On my side Moses & Cynthia's daughter, Eliza, married Tapley Bynum and begot Sarah Jane Bynum, who married William Squire Faulkner and begot Samuel Squire (Dock) Faulkner, who married Elma Gallups and begot Euel Otis Faulkner, who married Dorothy Inez Marsh and begot Pearlie Faye Faulkner, who married Charles Edward Crane, Jr and begot me. Whew! So we're 5th cousins.
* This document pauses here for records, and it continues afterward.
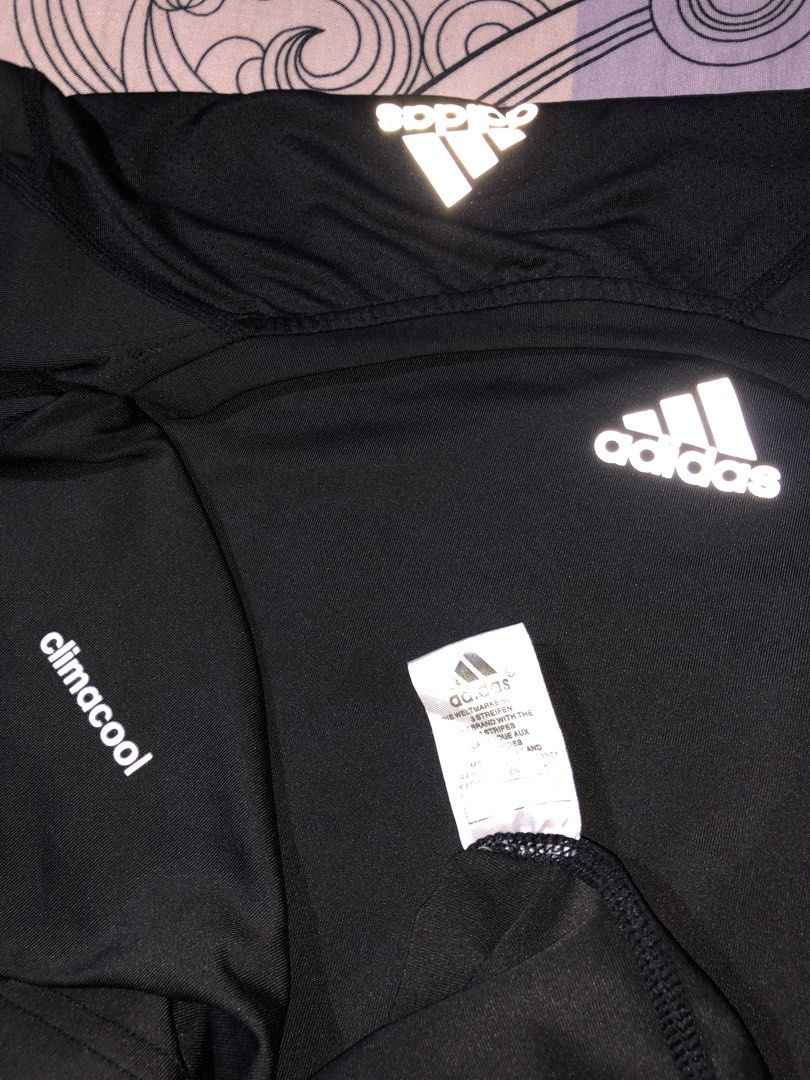 Adidas Training Climacool Tank Top Black 3XL (Category: Activewear) located in Manila. Submitted by bakithrift213 (Listing ID 1469518081, Image 3). Description: - Brand: Adidas Training - Color: Black - Size: 3XL (Multi-region) - Technology: Climacool for breathability - Material: Lightweight athletic fabric with contrast side panels - Details: Adidas logo on front chest and back neckline; 'ADIDAS TRAINING' printed on inner collar taping - Origin
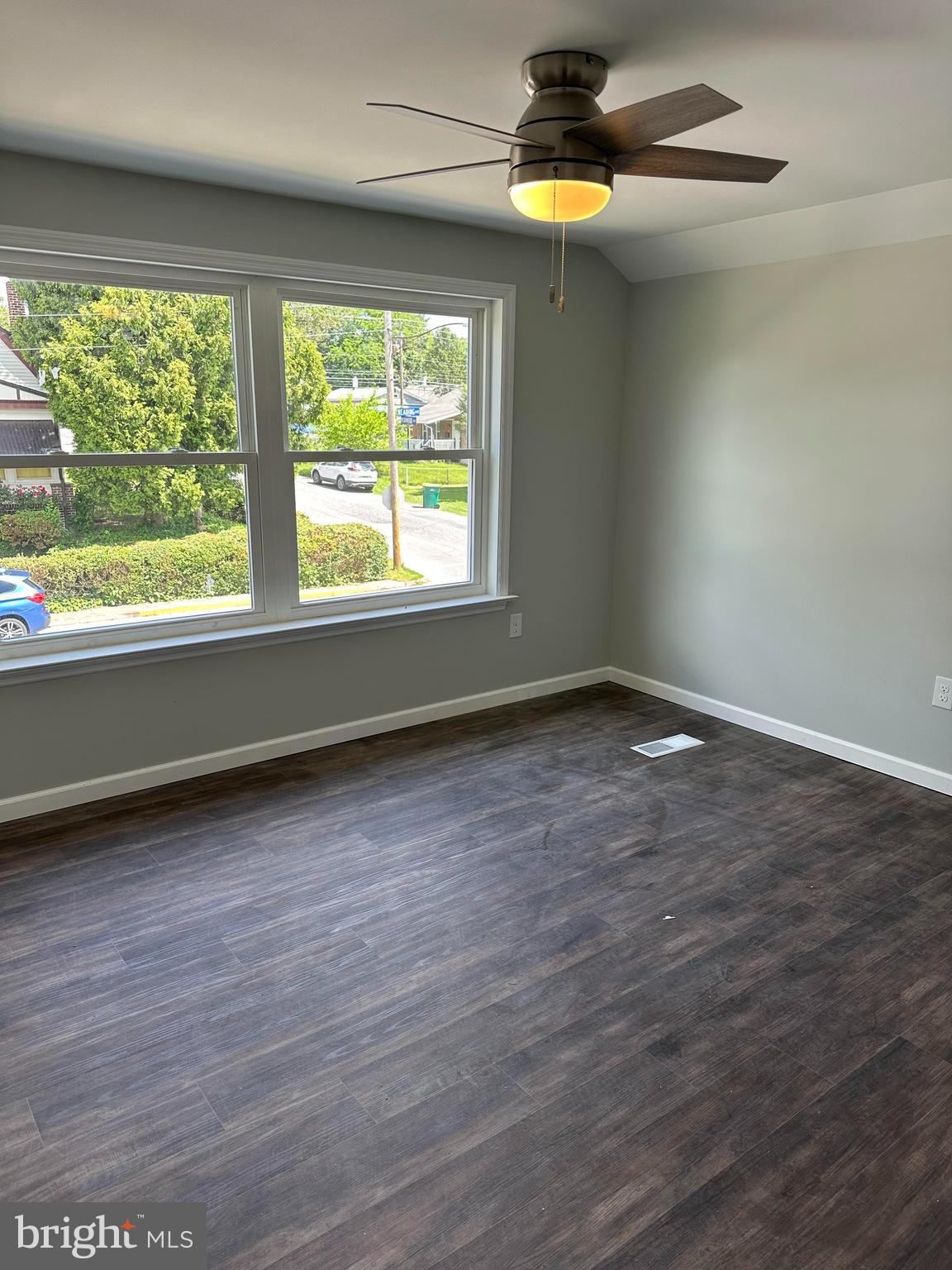 2102 Reading Avenue West Lawn, PA 19609 - Photo 7 of 17 an empty room with wooden floor and windows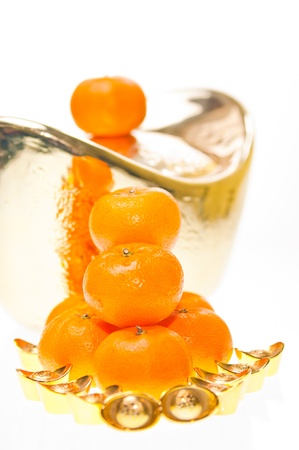 A stack of tangerine with large ingot as backgroundの写真素材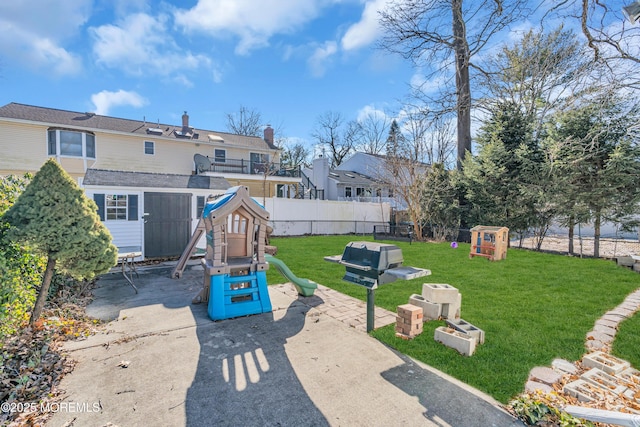 exterior space featuring a lawn and a patio area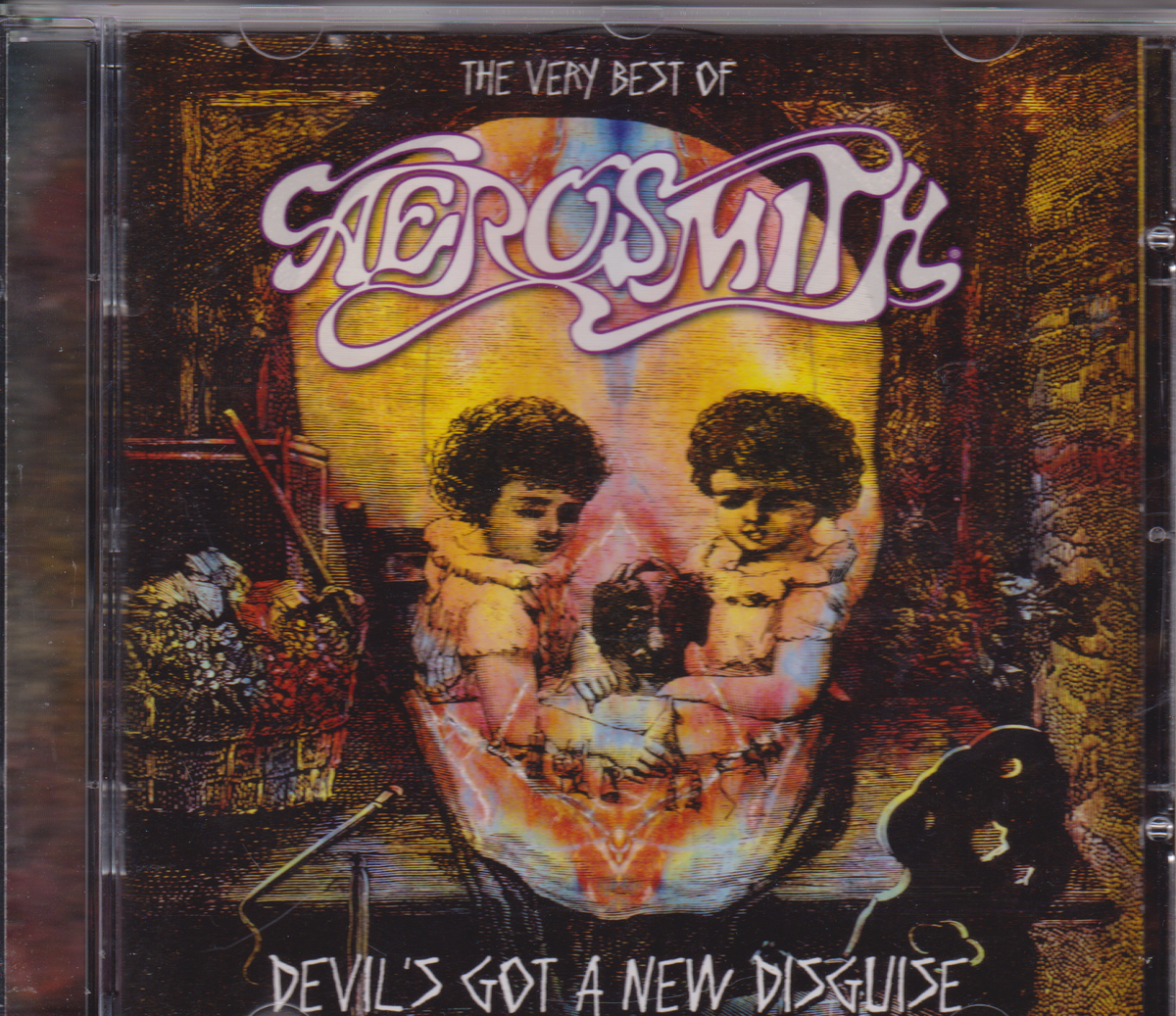 Aerosmith 'The Very Best of Aerosmith' CD album cover, showing two children inside a large skull with the album title 'Devil's Got a New Disguise' at the bottom.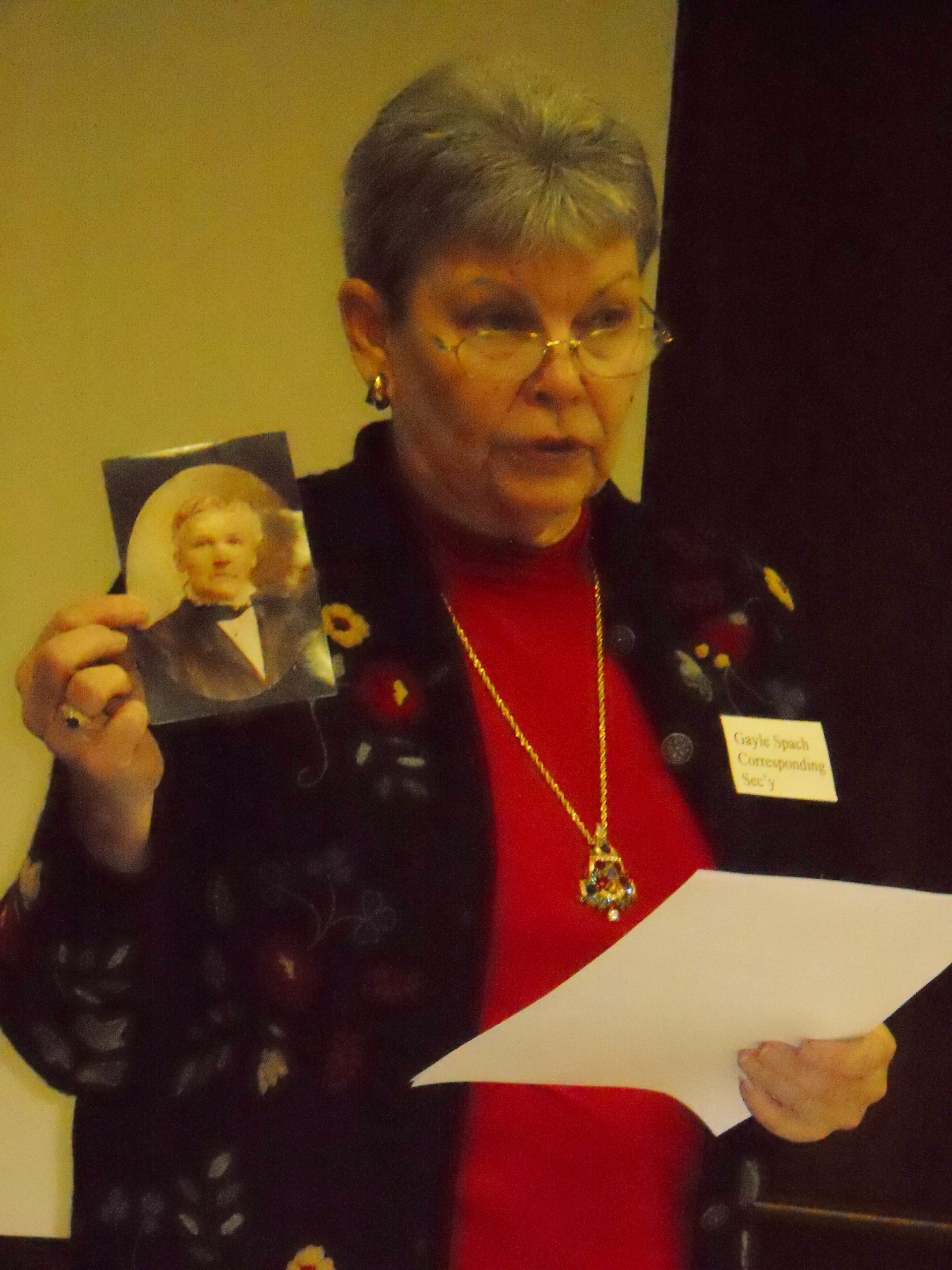 Gale Spock shows photo of her ancestor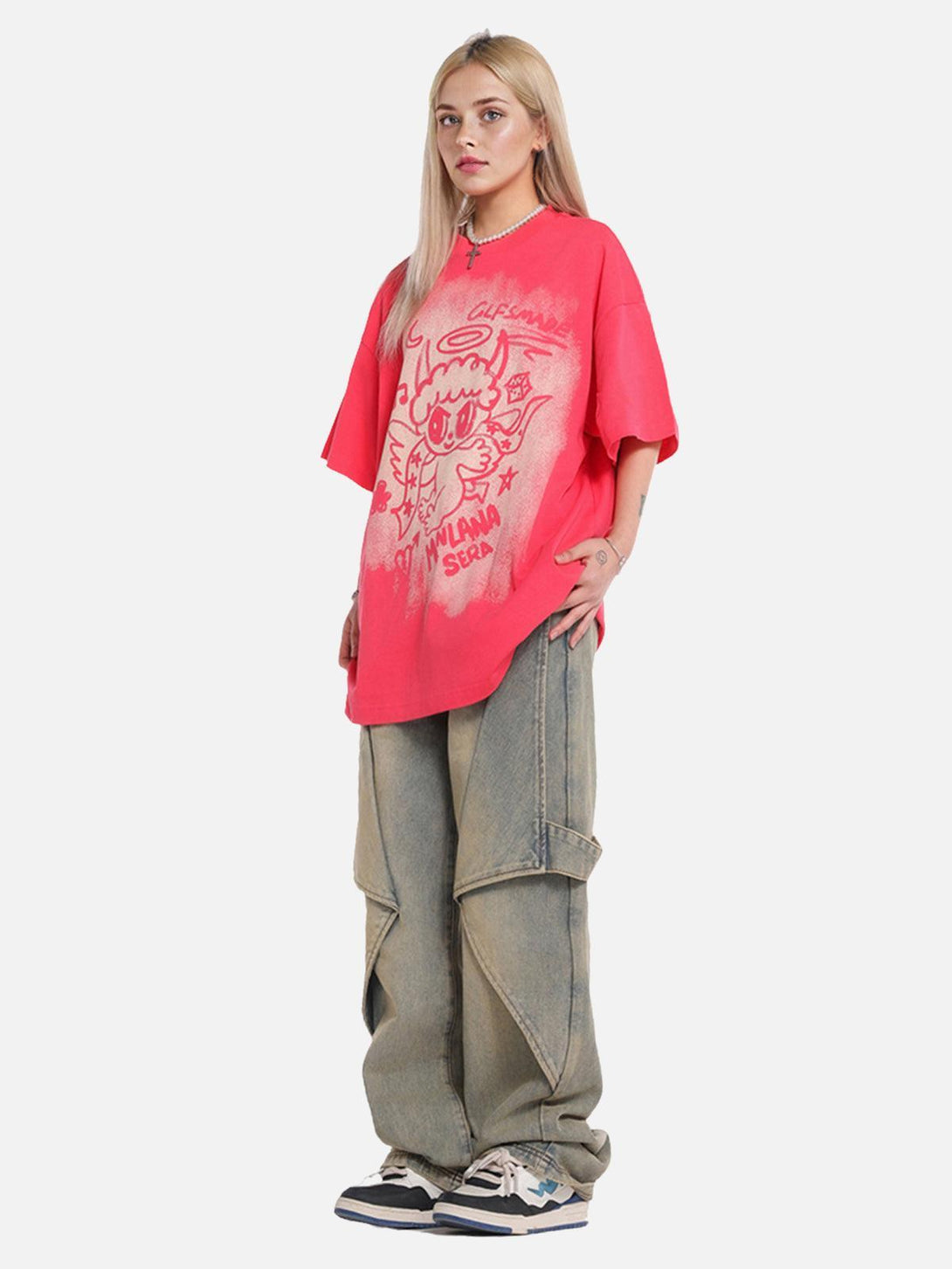 Model wearing a vibrant oversized angel graphic T-shirt by TALISHKO, paired with wide-leg jeans.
We were surprised to see how close it was. Growing up I called people who were less closely related than we are cousins, so I found it a little more unsettling than Lee did. We're laughing now because he didn't think he had any living relatives left, but now he realizes that he has mine and not just through marriage. Our research led us to our ancestor, Rowland Cornelius, a Dutch immigrant, who came over on a boat around 1665. We found where the family name was changed from Fortner to Faulkner. Pleasant Fortner moved his family from South Carolina to Alabama and all his children were named Faulkner.

We did take notice of recurring names and I told Lee something wasn't right there. Then we found it. Oh no! Eliza and Tapley were first cousins. Eliza's mother, Cynthia, and Tapley's father, John, were siblings. So, and Lee is in no way owning this crap, my great, great, great grandparents are also my first cousins five times removed. Our family tree looks more like a topsy-turvy with strawberries growing out the top and tomatoes growing out the bottom, with a whole mess of vines instead of branches.